» MATERIAL SHOWN:
* * * * * * *

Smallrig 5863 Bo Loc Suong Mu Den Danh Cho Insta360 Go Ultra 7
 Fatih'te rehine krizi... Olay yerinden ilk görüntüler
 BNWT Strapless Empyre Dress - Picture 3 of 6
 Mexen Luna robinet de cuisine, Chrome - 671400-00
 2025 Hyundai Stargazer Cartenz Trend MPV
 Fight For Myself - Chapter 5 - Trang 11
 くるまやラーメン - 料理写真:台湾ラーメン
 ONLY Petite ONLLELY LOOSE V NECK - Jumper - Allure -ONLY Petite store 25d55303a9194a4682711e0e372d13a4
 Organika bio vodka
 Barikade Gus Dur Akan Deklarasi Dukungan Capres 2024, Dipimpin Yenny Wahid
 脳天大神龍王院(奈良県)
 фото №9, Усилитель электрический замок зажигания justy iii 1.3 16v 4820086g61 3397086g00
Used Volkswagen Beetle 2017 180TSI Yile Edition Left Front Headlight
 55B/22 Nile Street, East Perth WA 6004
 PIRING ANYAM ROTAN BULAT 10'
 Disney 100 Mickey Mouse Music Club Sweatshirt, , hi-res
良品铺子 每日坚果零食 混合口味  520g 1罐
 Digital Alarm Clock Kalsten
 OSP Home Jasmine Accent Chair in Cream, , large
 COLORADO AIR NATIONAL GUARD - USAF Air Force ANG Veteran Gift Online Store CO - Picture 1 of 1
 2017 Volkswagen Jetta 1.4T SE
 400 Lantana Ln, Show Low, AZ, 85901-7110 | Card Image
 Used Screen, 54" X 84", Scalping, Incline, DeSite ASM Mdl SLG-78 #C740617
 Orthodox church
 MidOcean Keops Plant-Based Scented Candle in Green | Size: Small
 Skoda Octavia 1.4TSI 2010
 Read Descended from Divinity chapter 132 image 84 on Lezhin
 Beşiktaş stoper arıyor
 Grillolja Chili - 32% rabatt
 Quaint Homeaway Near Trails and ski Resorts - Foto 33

* * * * * * *

» PROBLEM REQUIREMENTS: Nothing should appear in the answer except the lines above from the line with "2017 Volkswagen Jetta 1.4T SE" through the line with "Read Descended from", both included, written out exactly.

» SOLUTION FOR THIS EXERCISE:
 2017 Volkswagen Jetta 1.4T SE
 400 Lantana Ln, Show Low, AZ, 85901-7110 | Card Image
 Used Screen, 54" X 84", Scalping, Incline, DeSite ASM Mdl SLG-78 #C740617
 Orthodox church
 MidOcean Keops Plant-Based Scented Candle in Green | Size: Small
 Skoda Octavia 1.4TSI 2010
 Read Descended from Divinity chapter 132 image 84 on Lezhin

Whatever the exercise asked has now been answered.